Referidos princípios constituem direitos fundamentais, protegidos por cláusula pétrea e que não podem ser suprimidos nem mesmo por meio de Emendas Constitucionais, consoante expressa proibição estabelecida no inciso VI, do § 4º, do art. 60 da CF. Dessa forma, o consumidor, em o querendo, poderá apresentar impugnação dirigida à concessionária, assim que receber a carta contendo advertência de suspensão do fornecimento de energia de que cuida o § 2º do art. 14 da indigitada Medida Provisória. Da mesma forma, ele poderá impugnar o valor da sobretaxa, vedada, numa e noutra hipótese, a invocação de inconstitucionalidade dessas medidas.
As impugnações são possíveis, porque o critério estabelecido pela Medida Provisória, para apuração da média de consumo de energia (consumo dos meses de maio, junho e julho de 2000), é por demais genérico, não representando a média real de consumo, em determinado trimestre, para muitos consumidores. Aqueles que viajaram no mês de julho, por exemplo, em virtude de férias escolares, foram prejudicados pela inclusão desse mês no trimestre considerado. Em relação às habitações novas, posteriores a julho de 2000, cabe à concessionária considerar qualquer período trimestral dentro dos últimos doze meses segundo a delegação outorgada pelo Medida Provisória em questão. E se a habitação tiver menos que doze meses? Qual seria o critério? Seria aquele que viesse na cabeça do burocrata da concessionária? Ninguém o sabe, pois, o legislador palaciano nada adiantou a respeito. E mais, existem casos em que no trimestre considerado houve menos consumo de energia, por “n” motivos alheios à vontade do consumidor.
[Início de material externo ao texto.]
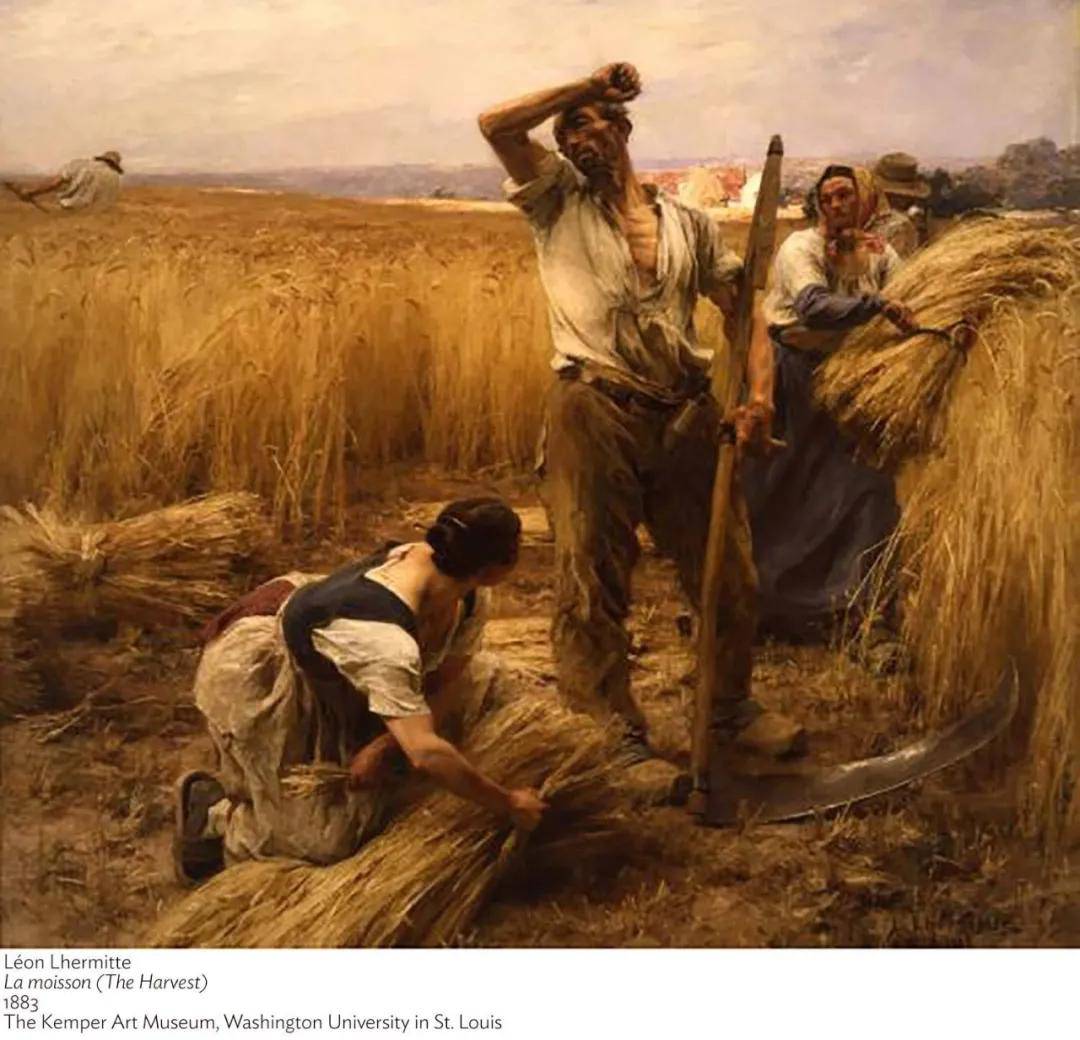 从都会到田间艺术家如何描绘收获与感恩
Exemplos: danificação dos equipamentos eletrodomésticos como freezer, geladeira, máquina de lavar louça, máquina de lavar roupas, secadora, televisão etc. Há, ainda, a possibilidade de defeitos nos relógios instalados pela concessionária, acarretando medição maior do que a energia efetivamente consumida.
Enfim, as dificuldades são enormes e de toda ordem.
Por tais razões, não se pode suprimir o fornecimento de energia e nem cobrar a sobretaxa, na verdade, receita derivada, sem a observância do contraditório e da ampla defesa, como se a legislação palaciana em tela tivesse instituído um critério perfeito, impecável, justo e infalível.
SP, 03.07.01.
* Especialista em Direito Tributário e em Ciência das Finanças pela FADUSP. Professor de Direito Tributário, Administrativo e Financeiro. Presidente Conselheiro do Instituto dos Advogados de São Paulo. Ex Procurador-Chefe da Consultoria Jurídica do Município de São Paulo.